Valery Ivanovich Tereshchenko (also V. J. Tereshtenko) (; 13 June 1901 – 28 September 1994) was a Russian−Soviet academic and writer in the fields of management.

History
He was born in Ekaterinodar (now – Krasnodar), Imperial Russia, the son of deputy district judge. In Ekaterinodar he graduated from high school and conservatory, and in Prague graduated from the Department of Economics of the Czech Technical University and Institute for Agricultural Cooperation, where he taught in the latter 1920s.

American period
In 1930 moved to the United States, and graduated from Columbia University in New York. Later he became a professor at Columbia, where he taught management courses.

He worked in the U.S. Department of Agriculture, at a Wall Street firm, and was a counsellor of the American businessman Roswell Garst.

In 1937, sponsored by the U.S. Department of Labor, Tereshchenko organized and led a large (160 employees) research project to study the world's literature on cooperatives, which was published 12 languages. The work was conducted in close collaboration with the Co-operative League of America, the International Cooperative Alliance in London, the International Labour Office in Geneva, and the Rockefeller Committee for Relations with South America. The Library of Congress assessed  the materials collected by project as ‘the most complete in the world’ at that time. The Fundamental Project Edition 'Summaries of  laws on cooperatives in the U.S.’ was used to revise the cooperative laws in some states. In this regard, in April 1940 Valeriy Tereshchenko was invited to Committee of the Senate on cooperatives legislation.

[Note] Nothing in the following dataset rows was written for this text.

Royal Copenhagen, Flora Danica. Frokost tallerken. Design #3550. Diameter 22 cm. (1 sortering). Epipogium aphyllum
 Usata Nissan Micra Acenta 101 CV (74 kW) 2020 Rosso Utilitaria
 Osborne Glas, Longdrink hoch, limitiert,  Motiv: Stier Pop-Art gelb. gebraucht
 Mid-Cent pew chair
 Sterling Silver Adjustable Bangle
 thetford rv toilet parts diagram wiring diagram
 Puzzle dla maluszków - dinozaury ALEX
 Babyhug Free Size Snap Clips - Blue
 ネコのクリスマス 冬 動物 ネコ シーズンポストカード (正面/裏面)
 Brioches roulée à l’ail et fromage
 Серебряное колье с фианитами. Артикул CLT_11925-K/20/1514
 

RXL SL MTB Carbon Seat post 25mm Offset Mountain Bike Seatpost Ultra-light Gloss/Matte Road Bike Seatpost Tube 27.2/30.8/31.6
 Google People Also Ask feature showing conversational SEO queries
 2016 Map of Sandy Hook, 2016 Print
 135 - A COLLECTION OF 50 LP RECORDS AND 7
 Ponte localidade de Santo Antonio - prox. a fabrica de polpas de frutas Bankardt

He along with other employees of the project took part in the establishment of initial economic ties between the U.S. and the Republic of China (1942−1949).

Before the end of World War II, the scientist was elected to the Executive Committee of the International Cooperative postwar reconstruction (NY). He participated in the preparation the United Nations Conferences on Food and Agriculture in Atlantic City and Hot Springs.

In the 1940s he was invited to organize a section on cooperative in the Latin American Institute in Boston, he was initiator of the first ever visit delegation of cooperators South America to the United States.

Soviet period
After the Second World War Tereshchenko came to the USSR for business trips, to help to establish trade and economic ties with the U.S.  In 1946 he was chief economist UNRRA in Ukraine.

Returning to the Soviet Union−Ukraine, and lived in Kyiv since 1963. Here he worked in a number of research institutes – of Ministry of Agricultural Economics and of the Ukrainian Academy of Science, and taught at the Taras Shevchenko National University of Kyiv.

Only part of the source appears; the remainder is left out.